<p style="font-family: Arial; font-size:3.75em;color:purple; font-style:bold"><br>
Spark Pipeline </p><br>
                                
Similar to scikit-learn, Pyspark has a pipeline API.

A pipeline is very convenient to maintain the structure of the data. You push the data into the pipeline. Inside the pipeline, various operations are done, the output is used to feed the algorithm.

For instance, one universal transformation in machine learning consists of converting a string to one hot encoder, i.e., one column by a group. One hot encoder is usually a matrix full of zeroes.
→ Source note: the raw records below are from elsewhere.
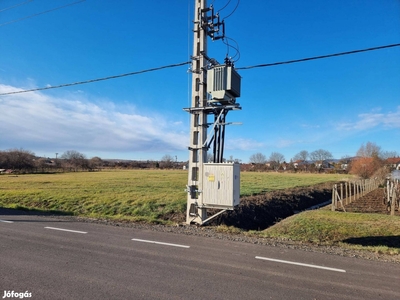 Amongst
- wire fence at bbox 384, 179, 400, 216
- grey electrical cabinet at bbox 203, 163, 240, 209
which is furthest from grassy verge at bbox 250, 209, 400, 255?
wire fence at bbox 384, 179, 400, 216

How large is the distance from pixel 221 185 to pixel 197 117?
2738 millimetres

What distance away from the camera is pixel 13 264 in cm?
507

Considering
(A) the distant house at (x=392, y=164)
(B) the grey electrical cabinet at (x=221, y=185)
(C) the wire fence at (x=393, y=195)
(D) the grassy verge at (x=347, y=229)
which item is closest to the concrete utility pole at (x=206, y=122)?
(B) the grey electrical cabinet at (x=221, y=185)

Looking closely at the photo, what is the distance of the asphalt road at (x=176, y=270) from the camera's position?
4105 millimetres

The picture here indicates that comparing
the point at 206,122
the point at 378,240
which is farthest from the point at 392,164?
the point at 206,122

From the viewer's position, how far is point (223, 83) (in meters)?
8.52

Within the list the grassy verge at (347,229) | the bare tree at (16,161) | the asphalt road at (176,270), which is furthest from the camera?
the bare tree at (16,161)

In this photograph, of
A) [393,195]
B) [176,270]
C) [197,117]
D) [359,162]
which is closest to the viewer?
[176,270]

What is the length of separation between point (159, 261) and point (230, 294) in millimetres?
1918

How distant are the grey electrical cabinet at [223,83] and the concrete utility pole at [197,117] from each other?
A: 2.85 feet

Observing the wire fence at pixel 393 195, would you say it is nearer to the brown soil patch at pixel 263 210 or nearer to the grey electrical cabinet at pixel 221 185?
the brown soil patch at pixel 263 210

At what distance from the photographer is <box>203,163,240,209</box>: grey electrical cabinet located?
852 cm

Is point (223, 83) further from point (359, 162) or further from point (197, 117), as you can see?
point (359, 162)

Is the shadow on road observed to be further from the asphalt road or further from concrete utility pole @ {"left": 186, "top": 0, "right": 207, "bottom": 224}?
concrete utility pole @ {"left": 186, "top": 0, "right": 207, "bottom": 224} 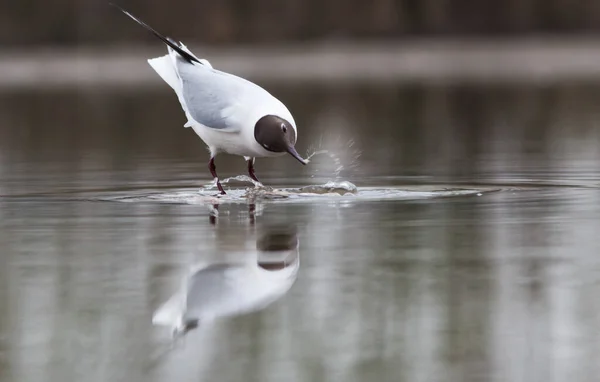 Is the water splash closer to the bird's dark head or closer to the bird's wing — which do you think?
the bird's wing

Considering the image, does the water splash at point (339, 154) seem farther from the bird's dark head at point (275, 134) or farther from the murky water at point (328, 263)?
the bird's dark head at point (275, 134)

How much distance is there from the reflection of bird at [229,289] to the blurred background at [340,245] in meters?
0.09

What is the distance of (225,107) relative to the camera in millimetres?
11328

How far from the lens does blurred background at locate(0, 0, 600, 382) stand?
583 centimetres

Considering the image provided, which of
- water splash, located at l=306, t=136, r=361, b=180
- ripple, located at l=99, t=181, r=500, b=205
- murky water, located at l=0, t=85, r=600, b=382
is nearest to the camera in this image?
murky water, located at l=0, t=85, r=600, b=382

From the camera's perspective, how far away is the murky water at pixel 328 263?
19.0 ft

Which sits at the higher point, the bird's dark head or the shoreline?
the shoreline

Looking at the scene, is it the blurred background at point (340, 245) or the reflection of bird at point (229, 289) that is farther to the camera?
the reflection of bird at point (229, 289)

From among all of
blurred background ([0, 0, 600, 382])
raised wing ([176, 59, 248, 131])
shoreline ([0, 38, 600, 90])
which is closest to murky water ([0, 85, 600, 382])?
blurred background ([0, 0, 600, 382])

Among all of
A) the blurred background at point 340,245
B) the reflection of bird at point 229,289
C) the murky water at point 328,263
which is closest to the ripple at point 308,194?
the murky water at point 328,263

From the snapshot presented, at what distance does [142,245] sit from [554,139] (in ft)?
30.5

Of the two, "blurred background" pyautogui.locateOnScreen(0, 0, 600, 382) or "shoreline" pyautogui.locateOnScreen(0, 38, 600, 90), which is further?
"shoreline" pyautogui.locateOnScreen(0, 38, 600, 90)

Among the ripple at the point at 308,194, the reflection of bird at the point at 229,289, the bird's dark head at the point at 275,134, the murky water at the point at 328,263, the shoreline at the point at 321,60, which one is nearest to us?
the murky water at the point at 328,263

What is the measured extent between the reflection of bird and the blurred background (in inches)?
3.6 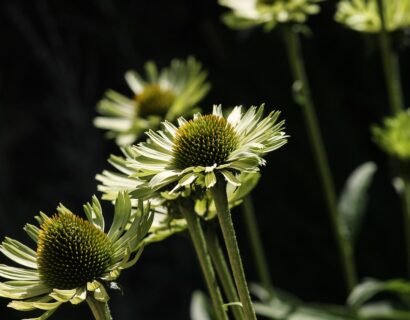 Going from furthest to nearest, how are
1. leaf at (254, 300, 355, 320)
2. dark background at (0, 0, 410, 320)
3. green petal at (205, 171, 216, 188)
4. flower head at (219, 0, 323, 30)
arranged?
dark background at (0, 0, 410, 320)
flower head at (219, 0, 323, 30)
leaf at (254, 300, 355, 320)
green petal at (205, 171, 216, 188)

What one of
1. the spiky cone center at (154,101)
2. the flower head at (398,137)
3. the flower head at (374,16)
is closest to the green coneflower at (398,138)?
the flower head at (398,137)

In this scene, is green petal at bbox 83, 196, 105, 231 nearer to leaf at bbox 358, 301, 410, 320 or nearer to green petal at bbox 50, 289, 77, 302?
green petal at bbox 50, 289, 77, 302

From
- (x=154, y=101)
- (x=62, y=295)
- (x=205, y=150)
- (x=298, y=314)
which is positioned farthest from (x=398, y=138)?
(x=62, y=295)

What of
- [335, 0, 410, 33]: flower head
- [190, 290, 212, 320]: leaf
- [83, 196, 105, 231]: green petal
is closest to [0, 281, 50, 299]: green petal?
[83, 196, 105, 231]: green petal

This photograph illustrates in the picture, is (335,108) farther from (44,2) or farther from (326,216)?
(44,2)

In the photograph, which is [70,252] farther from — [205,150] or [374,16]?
[374,16]

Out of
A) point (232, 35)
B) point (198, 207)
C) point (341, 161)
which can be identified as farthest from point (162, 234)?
point (232, 35)

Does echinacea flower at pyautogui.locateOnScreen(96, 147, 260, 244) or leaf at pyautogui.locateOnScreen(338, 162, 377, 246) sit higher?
echinacea flower at pyautogui.locateOnScreen(96, 147, 260, 244) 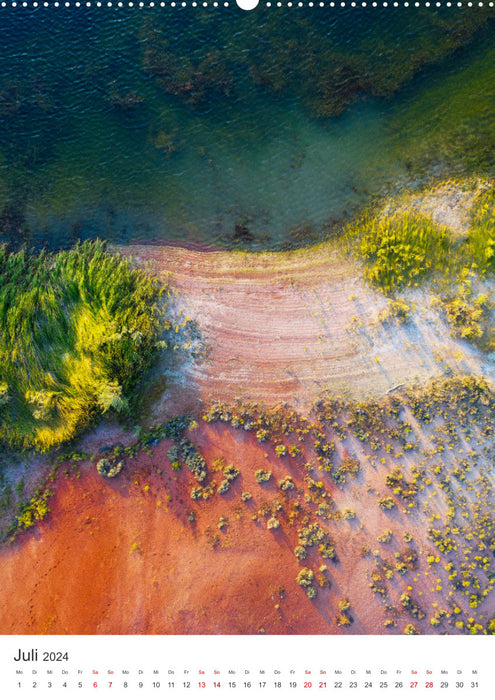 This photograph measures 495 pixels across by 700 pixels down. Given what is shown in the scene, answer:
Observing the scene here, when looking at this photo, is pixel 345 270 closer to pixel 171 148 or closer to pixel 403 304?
pixel 403 304

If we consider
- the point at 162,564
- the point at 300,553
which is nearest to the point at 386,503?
the point at 300,553

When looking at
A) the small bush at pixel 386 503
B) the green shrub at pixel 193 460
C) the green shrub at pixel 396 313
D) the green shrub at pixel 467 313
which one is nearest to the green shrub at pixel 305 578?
the small bush at pixel 386 503

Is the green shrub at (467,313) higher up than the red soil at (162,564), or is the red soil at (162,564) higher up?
the green shrub at (467,313)

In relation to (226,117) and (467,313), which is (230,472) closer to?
(467,313)

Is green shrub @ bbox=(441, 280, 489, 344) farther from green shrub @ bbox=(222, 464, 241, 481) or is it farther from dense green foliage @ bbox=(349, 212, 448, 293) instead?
green shrub @ bbox=(222, 464, 241, 481)

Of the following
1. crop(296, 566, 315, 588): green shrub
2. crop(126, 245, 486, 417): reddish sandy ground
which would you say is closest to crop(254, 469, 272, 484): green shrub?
crop(126, 245, 486, 417): reddish sandy ground

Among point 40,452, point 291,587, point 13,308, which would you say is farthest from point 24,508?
point 291,587

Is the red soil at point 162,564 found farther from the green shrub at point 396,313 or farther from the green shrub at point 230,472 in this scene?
the green shrub at point 396,313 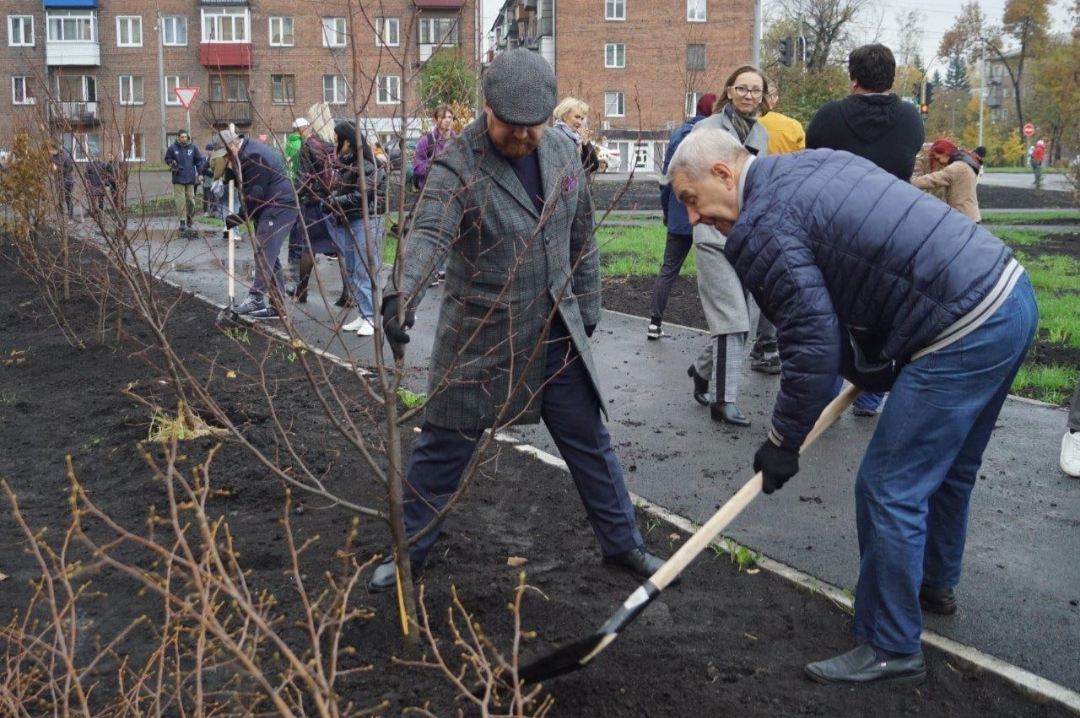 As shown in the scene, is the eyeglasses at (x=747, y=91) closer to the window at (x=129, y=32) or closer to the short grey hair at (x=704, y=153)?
the short grey hair at (x=704, y=153)

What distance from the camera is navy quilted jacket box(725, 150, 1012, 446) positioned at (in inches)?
127

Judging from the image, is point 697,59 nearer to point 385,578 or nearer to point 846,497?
point 846,497

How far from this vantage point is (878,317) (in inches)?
133

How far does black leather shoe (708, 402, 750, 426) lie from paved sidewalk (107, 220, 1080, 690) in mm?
96

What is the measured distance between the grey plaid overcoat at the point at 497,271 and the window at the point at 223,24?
58.5 meters

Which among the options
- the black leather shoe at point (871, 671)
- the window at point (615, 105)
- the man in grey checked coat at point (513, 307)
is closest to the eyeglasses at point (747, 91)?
the man in grey checked coat at point (513, 307)

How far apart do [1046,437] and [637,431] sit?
7.47ft

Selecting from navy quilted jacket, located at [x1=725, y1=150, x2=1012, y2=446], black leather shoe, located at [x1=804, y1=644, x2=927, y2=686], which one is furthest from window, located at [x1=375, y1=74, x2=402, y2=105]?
black leather shoe, located at [x1=804, y1=644, x2=927, y2=686]

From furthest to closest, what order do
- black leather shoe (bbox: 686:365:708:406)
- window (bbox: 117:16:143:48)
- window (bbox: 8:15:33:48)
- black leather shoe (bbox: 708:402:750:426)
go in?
window (bbox: 8:15:33:48)
window (bbox: 117:16:143:48)
black leather shoe (bbox: 686:365:708:406)
black leather shoe (bbox: 708:402:750:426)

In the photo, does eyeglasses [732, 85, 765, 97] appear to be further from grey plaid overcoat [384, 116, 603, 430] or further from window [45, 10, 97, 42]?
window [45, 10, 97, 42]

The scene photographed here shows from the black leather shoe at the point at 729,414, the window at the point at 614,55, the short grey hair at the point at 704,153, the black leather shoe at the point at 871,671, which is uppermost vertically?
the window at the point at 614,55

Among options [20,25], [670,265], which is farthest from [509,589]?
[20,25]

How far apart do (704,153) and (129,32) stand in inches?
2473

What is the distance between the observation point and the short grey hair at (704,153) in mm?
3381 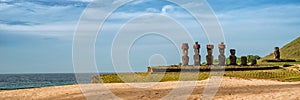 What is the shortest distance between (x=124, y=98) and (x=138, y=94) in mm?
1068

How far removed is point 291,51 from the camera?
7462 centimetres

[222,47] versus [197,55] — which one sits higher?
[222,47]

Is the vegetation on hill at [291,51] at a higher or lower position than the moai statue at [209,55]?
higher

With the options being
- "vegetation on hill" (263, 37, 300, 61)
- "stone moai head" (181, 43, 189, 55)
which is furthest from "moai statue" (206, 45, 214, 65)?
"vegetation on hill" (263, 37, 300, 61)

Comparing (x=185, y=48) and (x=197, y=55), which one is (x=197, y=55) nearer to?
(x=197, y=55)

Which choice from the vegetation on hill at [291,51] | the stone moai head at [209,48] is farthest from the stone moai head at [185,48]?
the vegetation on hill at [291,51]

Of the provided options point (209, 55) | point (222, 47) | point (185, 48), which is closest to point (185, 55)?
point (185, 48)

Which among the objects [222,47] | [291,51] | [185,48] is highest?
[291,51]

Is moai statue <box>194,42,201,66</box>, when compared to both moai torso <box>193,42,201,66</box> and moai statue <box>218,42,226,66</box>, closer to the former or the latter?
moai torso <box>193,42,201,66</box>

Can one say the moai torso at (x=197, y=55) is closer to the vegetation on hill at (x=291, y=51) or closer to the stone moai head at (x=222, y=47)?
the stone moai head at (x=222, y=47)

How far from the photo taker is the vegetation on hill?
71.3m

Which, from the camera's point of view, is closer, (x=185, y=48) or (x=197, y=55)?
(x=197, y=55)

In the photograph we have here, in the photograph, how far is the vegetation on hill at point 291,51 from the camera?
71312 mm

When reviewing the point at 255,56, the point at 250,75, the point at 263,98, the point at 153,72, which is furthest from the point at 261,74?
the point at 255,56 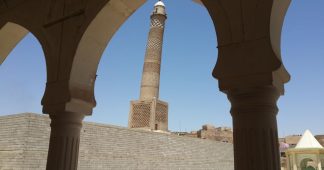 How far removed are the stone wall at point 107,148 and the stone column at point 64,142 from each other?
820 cm

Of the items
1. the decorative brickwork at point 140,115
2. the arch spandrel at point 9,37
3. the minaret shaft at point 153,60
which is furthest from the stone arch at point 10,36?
the minaret shaft at point 153,60

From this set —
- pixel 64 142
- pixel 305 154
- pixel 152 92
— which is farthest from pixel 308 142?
pixel 152 92

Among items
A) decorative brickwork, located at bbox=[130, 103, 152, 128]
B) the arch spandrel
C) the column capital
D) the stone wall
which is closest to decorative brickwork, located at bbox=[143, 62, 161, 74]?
decorative brickwork, located at bbox=[130, 103, 152, 128]

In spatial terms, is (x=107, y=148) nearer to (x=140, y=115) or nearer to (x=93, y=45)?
(x=93, y=45)

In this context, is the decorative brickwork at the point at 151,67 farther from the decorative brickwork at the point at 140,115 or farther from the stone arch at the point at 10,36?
the stone arch at the point at 10,36

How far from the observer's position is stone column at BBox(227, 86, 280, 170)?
203 centimetres

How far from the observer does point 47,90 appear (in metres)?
3.57

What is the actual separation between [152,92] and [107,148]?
13.3m

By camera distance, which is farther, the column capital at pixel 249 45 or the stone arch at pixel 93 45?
the stone arch at pixel 93 45

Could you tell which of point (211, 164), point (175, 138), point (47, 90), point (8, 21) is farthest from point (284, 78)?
point (211, 164)

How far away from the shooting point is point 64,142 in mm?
3314

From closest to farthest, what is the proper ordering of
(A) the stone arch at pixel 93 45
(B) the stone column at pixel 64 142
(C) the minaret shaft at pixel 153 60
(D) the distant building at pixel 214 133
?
1. (B) the stone column at pixel 64 142
2. (A) the stone arch at pixel 93 45
3. (C) the minaret shaft at pixel 153 60
4. (D) the distant building at pixel 214 133

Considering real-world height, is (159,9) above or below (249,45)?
above

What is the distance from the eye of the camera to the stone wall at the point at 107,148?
1085cm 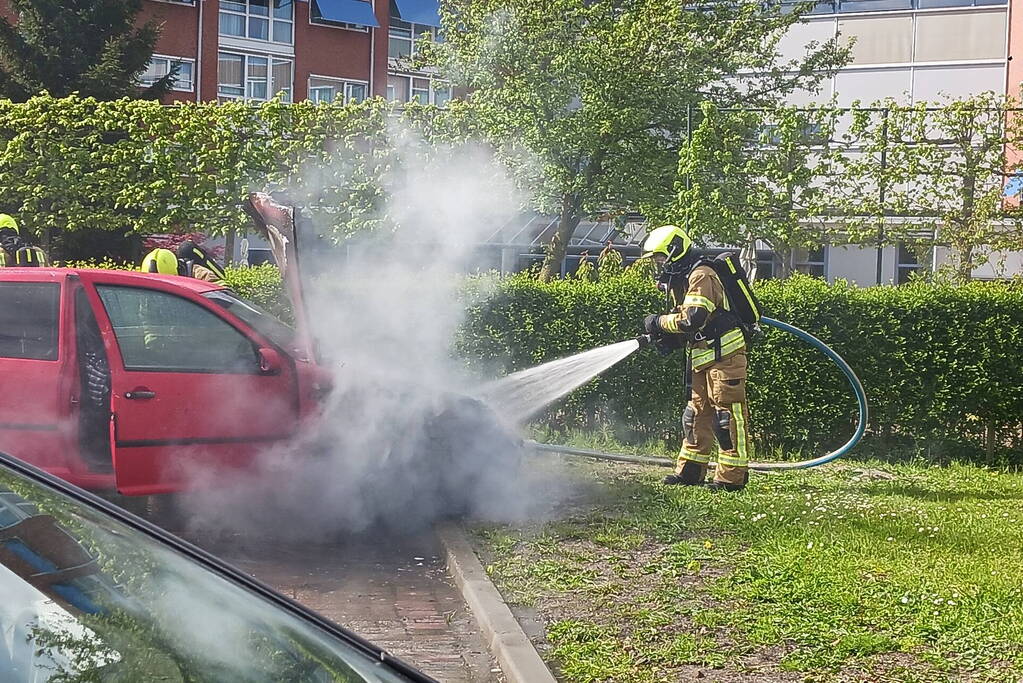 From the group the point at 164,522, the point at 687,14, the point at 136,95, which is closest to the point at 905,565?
the point at 164,522

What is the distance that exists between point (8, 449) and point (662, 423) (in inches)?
230

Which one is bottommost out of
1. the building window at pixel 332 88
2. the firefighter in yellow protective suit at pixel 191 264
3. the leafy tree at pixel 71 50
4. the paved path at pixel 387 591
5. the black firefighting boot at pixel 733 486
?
the paved path at pixel 387 591

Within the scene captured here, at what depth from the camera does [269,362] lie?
23.5ft

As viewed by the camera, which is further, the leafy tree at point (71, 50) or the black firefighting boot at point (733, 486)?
the leafy tree at point (71, 50)

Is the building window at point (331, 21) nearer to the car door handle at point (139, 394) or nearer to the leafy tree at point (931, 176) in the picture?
the leafy tree at point (931, 176)

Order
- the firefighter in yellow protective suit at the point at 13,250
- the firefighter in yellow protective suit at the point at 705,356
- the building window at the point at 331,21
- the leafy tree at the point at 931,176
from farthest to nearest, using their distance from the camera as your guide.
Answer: the building window at the point at 331,21 < the leafy tree at the point at 931,176 < the firefighter in yellow protective suit at the point at 13,250 < the firefighter in yellow protective suit at the point at 705,356

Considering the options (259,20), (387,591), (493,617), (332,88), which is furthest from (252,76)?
(493,617)

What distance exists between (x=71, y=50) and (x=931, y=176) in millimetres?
21343

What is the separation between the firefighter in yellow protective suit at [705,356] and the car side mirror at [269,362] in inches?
118

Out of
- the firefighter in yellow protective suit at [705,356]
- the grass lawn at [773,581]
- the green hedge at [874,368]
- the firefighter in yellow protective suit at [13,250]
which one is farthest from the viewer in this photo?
the firefighter in yellow protective suit at [13,250]

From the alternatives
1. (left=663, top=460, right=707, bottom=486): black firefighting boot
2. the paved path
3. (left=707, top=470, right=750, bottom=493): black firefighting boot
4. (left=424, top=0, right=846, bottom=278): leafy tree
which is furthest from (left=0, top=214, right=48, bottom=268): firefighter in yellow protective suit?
(left=424, top=0, right=846, bottom=278): leafy tree

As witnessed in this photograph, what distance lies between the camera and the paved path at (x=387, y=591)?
17.3ft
The steps to transform the data are very similar to scikit-learn. You need to:

Index the string to numeric
Create the one hot encoder
Transform the data
Two APIs do the job: StringIndexer, OneHotEncoder

First of all, you select the string column to index. The inputCol is the name of the column in the dataset. outputCol is the new name given to the transformed column.

In [1]:
import pandas as pd
from pyspark.sql import SparkSession
from sklearn.datasets import load_boston
from pyspark import SQLContext
from pyspark.ml import Pipeline
from pyspark.ml.feature import OneHotEncoder
from pyspark.ml.linalg import DenseVector
from pyspark.sql.functions import *
from pyspark.ml.feature import StringIndexer, OneHotEncoder, VectorAssembler
pd.pandas.set_option("display.max_columns", None)


sc = SparkSession.builder.appName('Kithavho').getOrCreate()
sqlContext = SQLContext(sc)
data_frame = sc.read.csv('titanic_train.csv', header=True, inferSchema=True)
data_frame.printSchema()

root
 |-- PassengerId: integer (nullable = true)
 |-- Survived: integer (nullable = true)
 |-- Pclass: integer (nullable = true)
 |-- Name: string (nullable = true)
 |-- Sex: string (nullable = true)
 |-- Age: double (nullable = true)
 |-- SibSp: integer (nullable = true)
 |-- Parch: integer (nullable = true)
 |-- Ticket: string (nullable = true)
 |-- Fare: double (nullable = true)
 |-- Cabin: string (nullable = true)
 |-- Embarked: string (nullable = true)



In [2]:
indexer = StringIndexer(inputCol='Sex', outputCol='Sex_encoded')

In [3]:
indexed = indexer.fit(data_frame).transform(data_frame)
indexed.select('Sex', 'Cabin', 'Sex_encoded').show(11)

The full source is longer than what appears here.